From the data below, repeat everything exactly except the images.

## Information shown
= Beginning of Section =

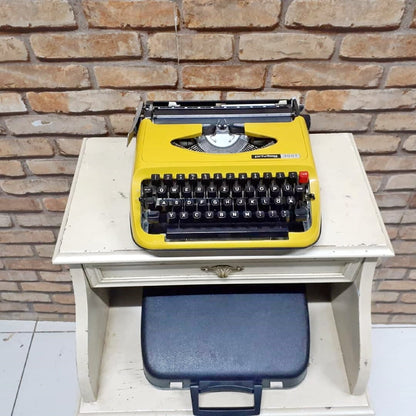 retro writing with the Privileg Typewiter typewriter yellow - a fully refurbished vintage writing machine with a matching carrying case.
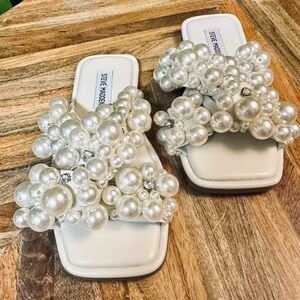 Steve Madden Sandals Slides EUC Sz 6 Pearl & Crystal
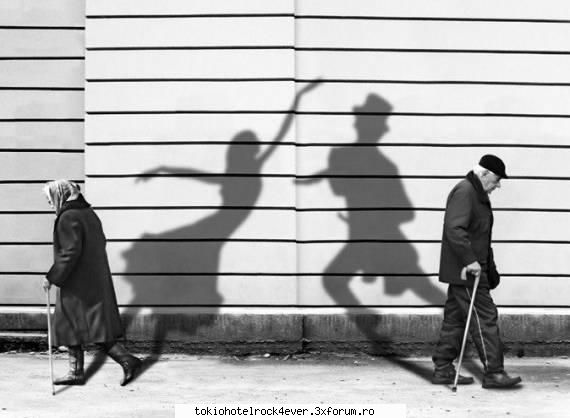 iubirea vampirilor rebeli. - buna..sunt noua p-aici dar pot sa zic - *..::FanFiction::..*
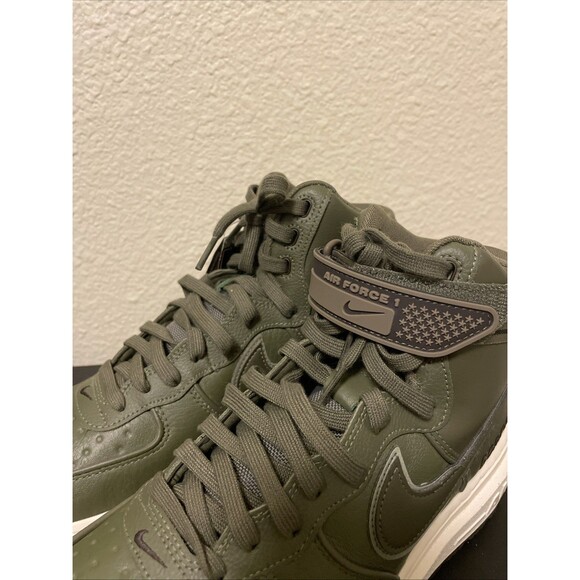 Air Force 1 GTX Boot Men\'s Size 10.5 Olive Sail CT2815-201 RARE!! NEW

= End of Section =

## Answer area
 retro writing with the Privileg Typewiter typewriter yellow - a fully refurbished vintage writing machine with a matching carrying case.
 Steve Madden Sandals Slides EUC Sz 6 Pearl & Crystal
 iubirea vampirilor rebeli. - buna..sunt noua p-aici dar pot sa zic - *..::FanFiction::..*
 Air Force 1 GTX Boot Men\'s Size 10.5 Olive Sail CT2815-201 RARE!! NEW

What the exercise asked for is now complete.